▸ How to complete this task: In the entries that follow, the lines from the line containing "So distribute vertically" up to and including the line containing "Nellie asks sarcastically, 'Who" must be copied exactly, with pictures omitted.

Dataset entries below:

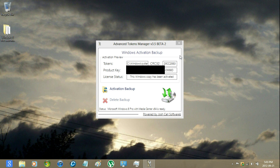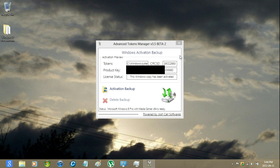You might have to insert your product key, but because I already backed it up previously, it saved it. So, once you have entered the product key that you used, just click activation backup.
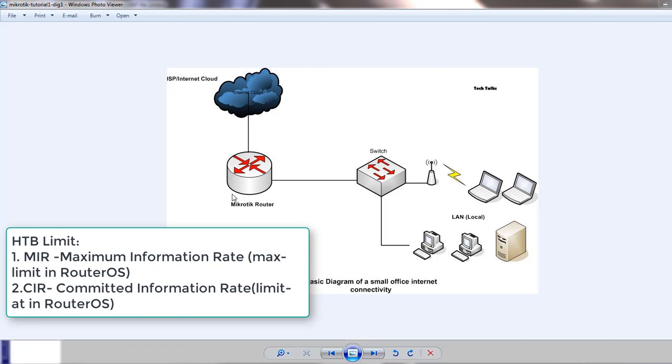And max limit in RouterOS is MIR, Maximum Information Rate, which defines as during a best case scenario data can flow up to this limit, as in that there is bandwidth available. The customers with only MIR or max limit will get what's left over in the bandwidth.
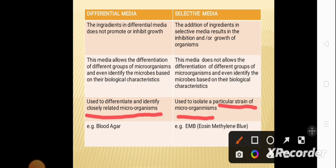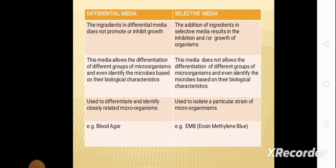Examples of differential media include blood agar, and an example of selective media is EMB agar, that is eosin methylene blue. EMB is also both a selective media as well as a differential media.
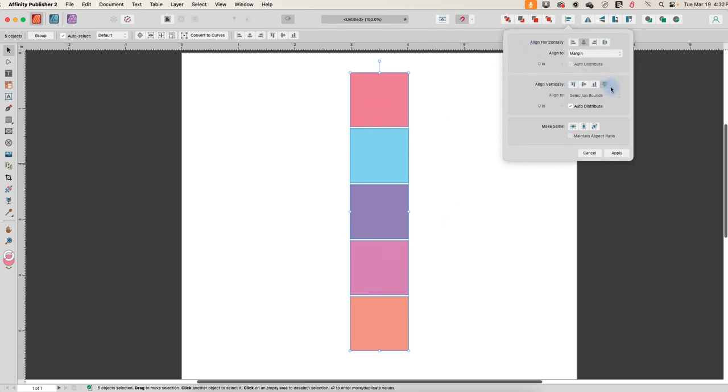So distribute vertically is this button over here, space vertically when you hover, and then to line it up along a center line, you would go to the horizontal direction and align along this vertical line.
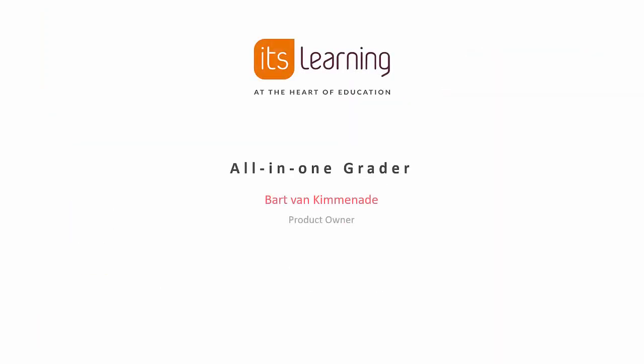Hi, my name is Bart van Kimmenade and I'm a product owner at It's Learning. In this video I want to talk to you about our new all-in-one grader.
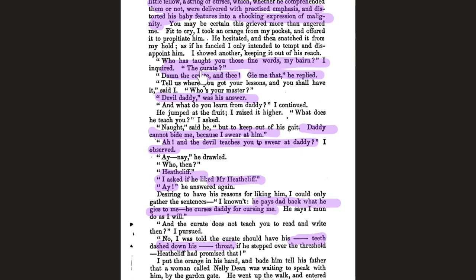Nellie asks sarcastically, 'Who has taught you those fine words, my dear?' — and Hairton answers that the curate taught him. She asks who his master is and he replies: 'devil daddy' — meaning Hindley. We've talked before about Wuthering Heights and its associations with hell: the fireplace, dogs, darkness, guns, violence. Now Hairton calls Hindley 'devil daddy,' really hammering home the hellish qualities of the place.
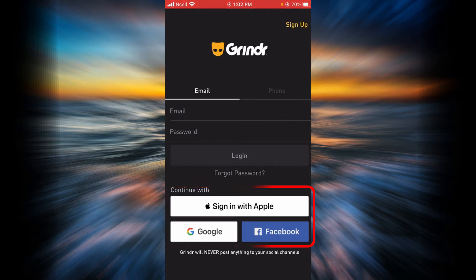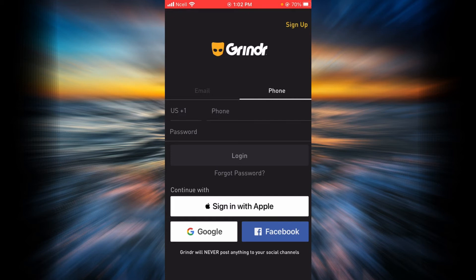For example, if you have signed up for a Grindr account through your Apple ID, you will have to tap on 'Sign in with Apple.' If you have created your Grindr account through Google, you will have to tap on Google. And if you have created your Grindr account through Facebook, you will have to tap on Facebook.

End of Dataset entries.
Dataset entries below:

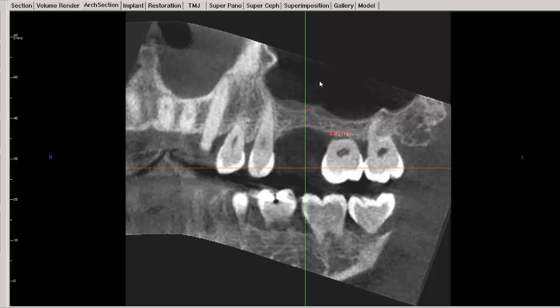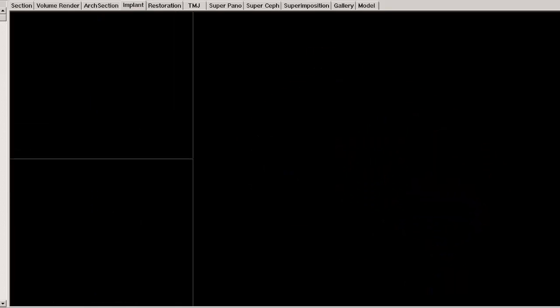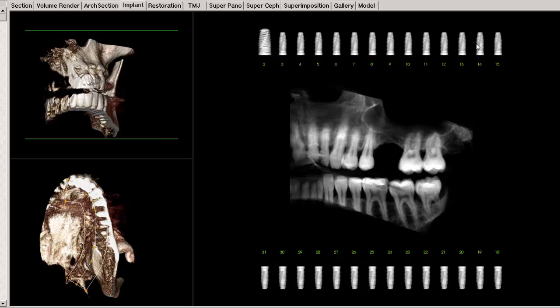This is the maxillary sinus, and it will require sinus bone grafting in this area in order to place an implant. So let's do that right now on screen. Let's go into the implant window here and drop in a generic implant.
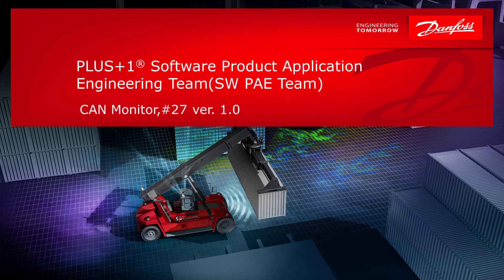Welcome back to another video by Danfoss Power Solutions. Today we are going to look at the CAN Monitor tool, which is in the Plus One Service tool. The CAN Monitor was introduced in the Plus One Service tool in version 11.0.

End of Dataset entries.
Dataset entries below:

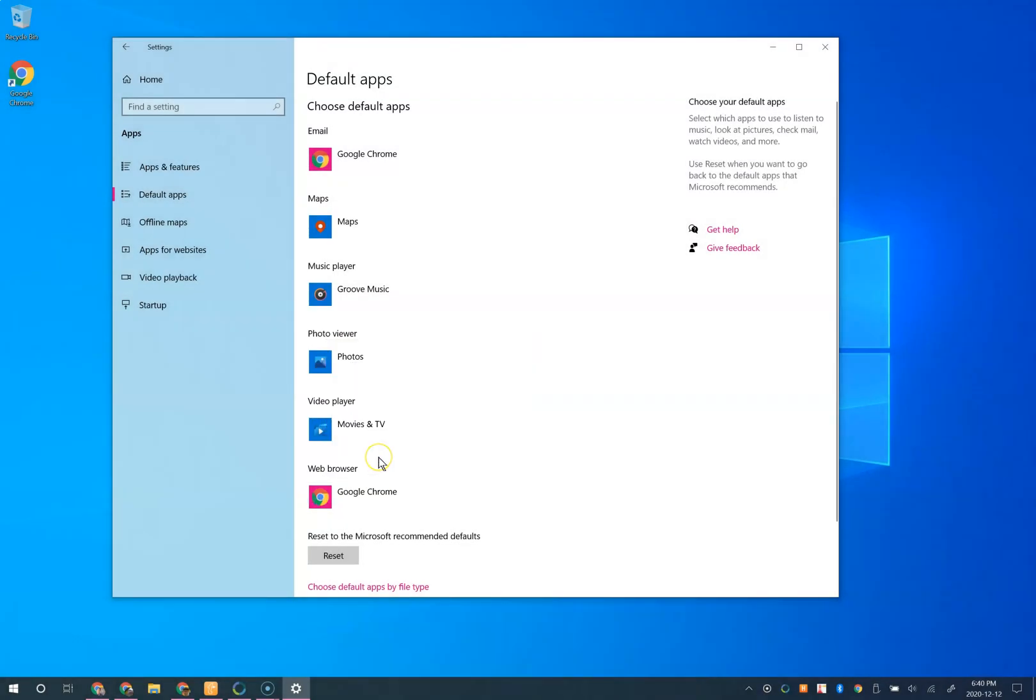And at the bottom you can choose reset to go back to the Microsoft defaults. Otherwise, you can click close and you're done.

End of Dataset entries.

▸ Output of the task:
So distribute vertically is this button over here, space vertically when you hover, and then to line it up along a center line, you would go to the horizontal direction and align along this vertical line.
Hi, my name is Bart van Kimmenade and I'm a product owner at It's Learning. In this video I want to talk to you about our new all-in-one grader.
Nellie asks sarcastically, 'Who has taught you those fine words, my dear?' — and Hairton answers that the curate taught him. She asks who his master is and he replies: 'devil daddy' — meaning Hindley. We've talked before about Wuthering Heights and its associations with hell: the fireplace, dogs, darkness, guns, violence. Now Hairton calls Hindley 'devil daddy,' really hammering home the hellish qualities of the place.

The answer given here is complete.